Today was the end of the first full day of “workshopping”, which apparently is a thing you do in a MFA program. I had spent the plane ride over to Miami, Florida reading the manuscripts of other participants in the VONA Voices Travel Writers Workshop. Four things stand out:
  1. I have no idea what I have signed up for, let alone what an MFA experience is all about. This makes the whole thing even more intimidating.
  2. I honestly can’t even compare my writing to these manuscripts I am reading. They are so good, and honestly raw.
  3. I don’t understand poetry, and in fact, I find myself really despising it and despising myself for despising it. Whats this visceral response to poetry about?
  4. As the first/second day comes to an end, I don’t have any answers to my questions but rather far more new questions piling up on an already extensive list of unanswerable questions.
Besides these four immediate bothersome things, I am still really excited to be here. Miami is a great change of environment. The moment I stepped off the plane I got hit with a blast of hot humid air and it hasn’t let up. In fact, during the first full day of workshops the clouds gathered from out over the Atlantic and dumped a gracious amount of rain all over us while we were making our way back from lunch.
I really am happy to have a functional room, and my room mate didn’t show up (this is a constant ongoing occurrence in my life!). Its odd how the smallest things can change attitude. My room at home is not functional, its also not set up in a way that makes me feel welcome. It just exists, much like my current status in life. So having this little space that I can fully control and that provides functionality is a huge blessing that I am realizing the importance of now that I have it.
I also have retreated into my introverted self. I am not going out of my way to make new friends. I am not going out of my way to connect with people outside my workshop.

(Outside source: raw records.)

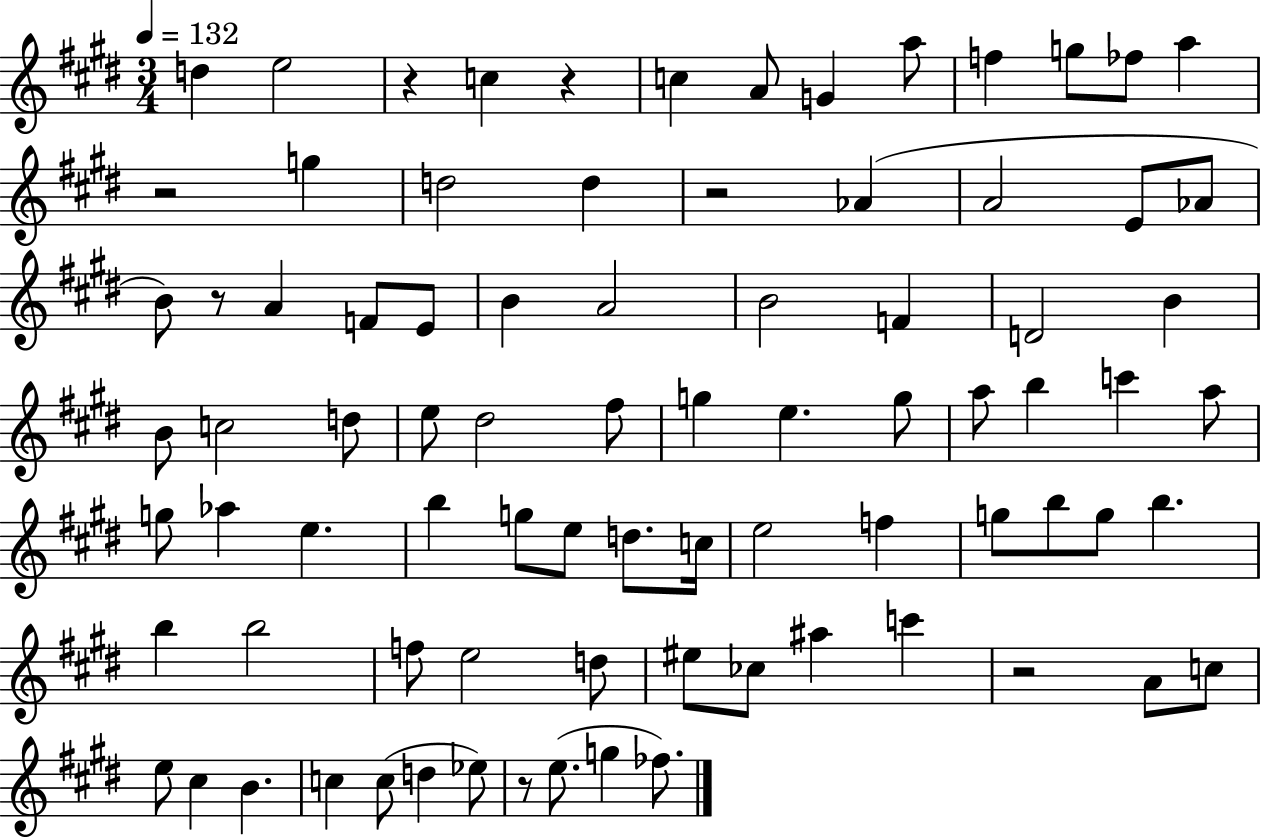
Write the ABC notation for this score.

X:1
T:Untitled
M:3/4
L:1/4
K:E
d e2 z c z c A/2 G a/2 f g/2 _f/2 a z2 g d2 d z2 _A A2 E/2 _A/2 B/2 z/2 A F/2 E/2 B A2 B2 F D2 B B/2 c2 d/2 e/2 ^d2 ^f/2 g e g/2 a/2 b c' a/2 g/2 _a e b g/2 e/2 d/2 c/4 e2 f g/2 b/2 g/2 b b b2 f/2 e2 d/2 ^e/2 _c/2 ^a c' z2 A/2 c/2 e/2 ^c B c c/2 d _e/2 z/2 e/2 g _f/2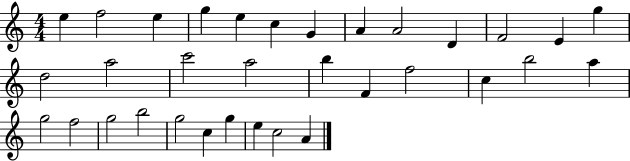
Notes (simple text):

E5/q F5/h E5/q G5/q E5/q C5/q G4/q A4/q A4/h D4/q F4/h E4/q G5/q D5/h A5/h C6/h A5/h B5/q F4/q F5/h C5/q B5/h A5/q G5/h F5/h G5/h B5/h G5/h C5/q G5/q E5/q C5/h A4/q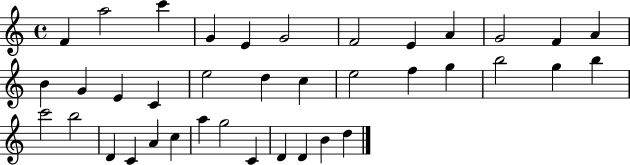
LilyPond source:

{
  \clef treble
  \time 4/4
  \defaultTimeSignature
  \key c \major
  f'4 a''2 c'''4 | g'4 e'4 g'2 | f'2 e'4 a'4 | g'2 f'4 a'4 | \break b'4 g'4 e'4 c'4 | e''2 d''4 c''4 | e''2 f''4 g''4 | b''2 g''4 b''4 | \break c'''2 b''2 | d'4 c'4 a'4 c''4 | a''4 g''2 c'4 | d'4 d'4 b'4 d''4 | \break \bar "|."
}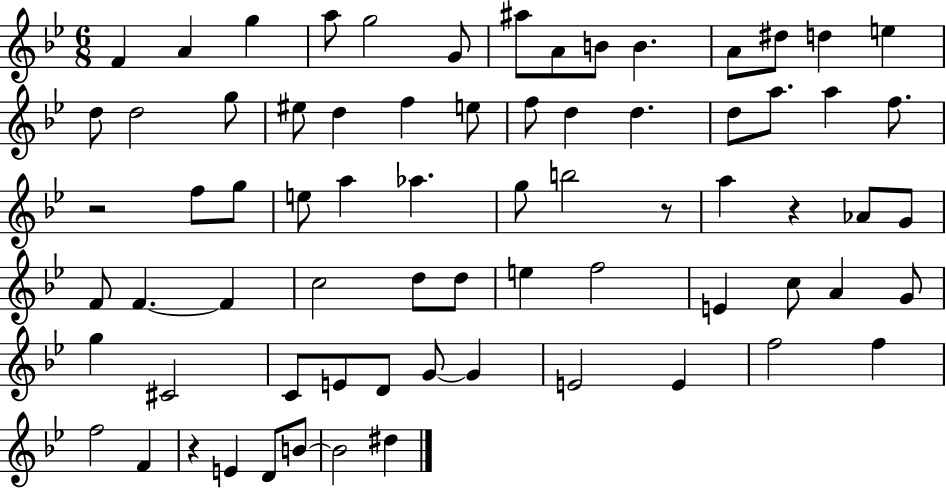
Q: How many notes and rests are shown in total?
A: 72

I think the biggest reason is that everyone here embraces their ability to write and their perception of self as a writer, whereas I still feel like an imposter and like a visitor that stumbled upon this magical place where writing is the center of everything everyone does. They seem to know the secret to writing, whereas I am still not privy to it. (Please someone fill me in on it!)
I am trying really hard to focus on the writing and the craft, but also, its Ramadan. Having to fast while here, not having the Ramadan environment, thats proving to be a bit more difficult for me. This is the first Ramadan where I am not fully engaged with it. I am leaning toward skipping the fasting so I can conform to the VONA schedule and make the most out of the “workshopping” experience.
SAMSUNG CSC
Some unrelated yet still significant gems from the experience so far:
  • I dont know much about travel writing, I don’t think that I saw it as a separate genre of literature prior to this workshop. But Faith Adiele, who wrote Meeting Faith and is the facilitator for the travel workshop, framed travel writing as a by product of the imperial endeavor that came into being as an independent genre today. I think that places me in the larger scope of the genre at the intersection of status quo and disruption.
  • Faith also reiterated that “Writing isn’t like gymnastics, you dont age out,” which was a good reminder for me to keep embracing this challenge and working on it for myself.
  • In discussing today’s manuscripts there was a constant focus on the “Show vs Tell” dichotomy in the writing craft. This is part of the craft, and a good writer stays clear of “telling”, rather they are very articulate in showing the reader.
  • English is my dominant language, yet its like a suit, a bit uncomfortable at times. English, like the suit, works and gives a sense of pride. When the suit looks smart you feel good. But that doesn’t make the suit, or the English language, less constricting. Its not like a second skin. Urdu, while its familiar and a source from which I can draw comfort, often makes me feel like I am being viewed by its speakers as I view a white girl wearing a sari and sporting a bhindi- silly, a bit of a token. If I had a language of choice, a second skin, its the language of silent thoughts and observations in my head.